Die Philosophie der symbolischen Formen zielt auf die Gesamtheit der Kultur, »den ganzen Kreis des ›Weltverstehens‹«, und zwar nicht von der »Einheit des Objekts« ausgehend, sondern von der »Einheit der Funktion«. Die symbolischen Formen – Mythos, Religion, Kunst, Wissenschaft u. a. – haben die Funktion von ›Indices‹ der »Brechungen, die das in sich einheitliche und einzigartige Sein erfährt, sobald es vom ›Subjekt‹ her aufgefasst und angeeignet wird«.
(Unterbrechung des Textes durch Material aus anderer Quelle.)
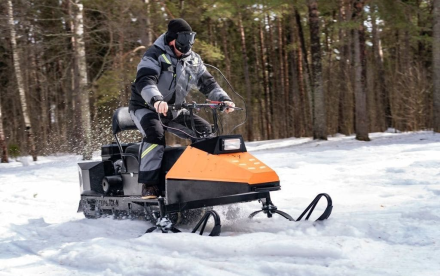 Мини-снегоход БУРЛАК Егерь FOX-M 15 л.с., фото 4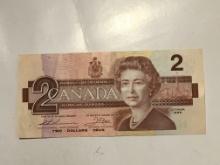 1986 Canada $2 Note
Als charakteristisch für eine zweite Hauptentwicklung im Nachdenken über Kultur im 20. Jahrhundert möchte ich die ethnologische Arbeit von Bronisław Malinowski, etwa in Argonauts of the Western Pacific gegenüberstellen. Malinowki beschreibt hier ein Gabentausch-System mit verzögerter Wechselseitigkeit bei den Bewohnern der pazifischen Trobriand-Inseln. Er versucht zu einem handlungsbezogen und vor allem zu einem nicht eurozentrischen Kulturbegriff zu kommen. Ich beschränke mich auf die Wikipedia-Darstellung:

»Diese melanesischen Inseln sind fast kreisformig angeordnet, zwischen ihnen werden im Uhrzeigersinn soulava getauscht, Halsketten aus kleinen roten Muschelplättchen. In die andere Richtung, gegen den Uhrzeigersinn, werden mwali getauscht, Armbänder aus einem weißen Muschelring. Alle Gaben müssen nach einiger Zeit weitergetauscht werden.
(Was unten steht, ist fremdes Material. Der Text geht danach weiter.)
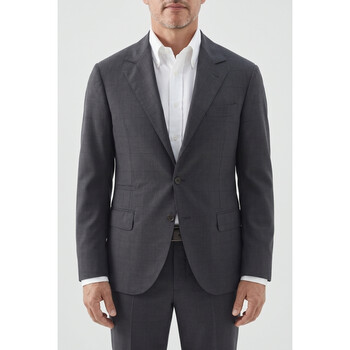 Brunello Cucinelli Men's Medium Grey Wool Blazer, Size 46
Das Wort Kula bedeutet ein rituelles Tausch- und Prestigeobjekt ohne unmittelbaren Nutzen für den Empfänger. Mit dem Erhalt einer Gabe ist die Verpflichtung verbunden, innerhalb eines bestimmten Zeitraumes dem Gebenden etwas Entsprechendes zu schenken. Die soziale Funktion dieses komplexen, nicht gewinnorientierten Austauschhandels besteht darin, die sozialen Bande zwischen den herrschaftsfrei miteinander verbundenen Trobriandern zu verstärken und realen Gütertausch rituell zu begleiten. Geber und Nehmer stehen dabei in einer ständigen (vererbbaren) Position des Gastfreundes zueinander.«


Um dem Begriff Kultur einen konkreten Inhalt zu geben, ist für den Ethnologen Malinowski wesentlich, konkretes Verhalten zu beschreiben und nicht von einer Idee auszugehen, die sich in ganz unterschiedlichem Verhalten einmal mehr und einmal weniger wiederfindet.
Aber man sieht: bewerten lässt sich hier gar nicht. Würden sich die Bewohner Trobriand-Inseln mit ihren Nachbarn anders oder überhaupt nicht austauschen, dann wäre das nicht besser oder schlechter, sondern einfach nur anders.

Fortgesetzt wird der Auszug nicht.